Stored items from a collection:
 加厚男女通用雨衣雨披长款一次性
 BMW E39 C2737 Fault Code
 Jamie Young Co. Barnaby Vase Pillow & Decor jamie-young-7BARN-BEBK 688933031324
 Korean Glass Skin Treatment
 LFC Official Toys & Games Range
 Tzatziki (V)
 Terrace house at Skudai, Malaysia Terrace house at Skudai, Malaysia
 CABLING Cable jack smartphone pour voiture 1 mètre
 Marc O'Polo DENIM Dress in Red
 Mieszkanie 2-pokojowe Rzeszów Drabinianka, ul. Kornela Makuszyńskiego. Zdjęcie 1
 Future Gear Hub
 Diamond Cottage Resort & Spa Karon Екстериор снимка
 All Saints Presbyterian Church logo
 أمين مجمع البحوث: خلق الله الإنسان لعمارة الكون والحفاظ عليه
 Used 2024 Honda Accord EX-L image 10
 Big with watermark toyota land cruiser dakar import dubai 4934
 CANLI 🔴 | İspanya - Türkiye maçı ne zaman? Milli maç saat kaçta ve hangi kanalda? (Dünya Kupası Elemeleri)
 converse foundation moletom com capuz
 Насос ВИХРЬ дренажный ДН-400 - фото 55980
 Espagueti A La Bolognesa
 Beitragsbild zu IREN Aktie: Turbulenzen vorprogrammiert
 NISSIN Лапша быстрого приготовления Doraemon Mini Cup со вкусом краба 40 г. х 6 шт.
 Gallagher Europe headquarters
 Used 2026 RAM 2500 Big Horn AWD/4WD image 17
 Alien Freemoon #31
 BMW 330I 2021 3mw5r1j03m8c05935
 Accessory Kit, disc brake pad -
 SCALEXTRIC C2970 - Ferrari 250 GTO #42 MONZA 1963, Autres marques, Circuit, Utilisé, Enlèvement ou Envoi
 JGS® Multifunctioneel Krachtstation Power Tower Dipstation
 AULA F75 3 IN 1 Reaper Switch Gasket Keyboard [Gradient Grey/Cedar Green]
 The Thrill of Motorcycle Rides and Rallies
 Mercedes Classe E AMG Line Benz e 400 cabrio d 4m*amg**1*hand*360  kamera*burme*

◆ WHAT THIS TASK INVOLVES ◆
Take the entries above and return only the lines from the one with "BMW 330I 2021 3mw5r1j03m8c05935" to the one with "The Thrill of Motorcycle Rides and Rallies", both included, unchanged.

◆ RESPONSE ◆
 BMW 330I 2021 3mw5r1j03m8c05935
 Accessory Kit, disc brake pad -
 SCALEXTRIC C2970 - Ferrari 250 GTO #42 MONZA 1963, Autres marques, Circuit, Utilisé, Enlèvement ou Envoi
 JGS® Multifunctioneel Krachtstation Power Tower Dipstation
 AULA F75 3 IN 1 Reaper Switch Gasket Keyboard [Gradient Grey/Cedar Green]
 The Thrill of Motorcycle Rides and Rallies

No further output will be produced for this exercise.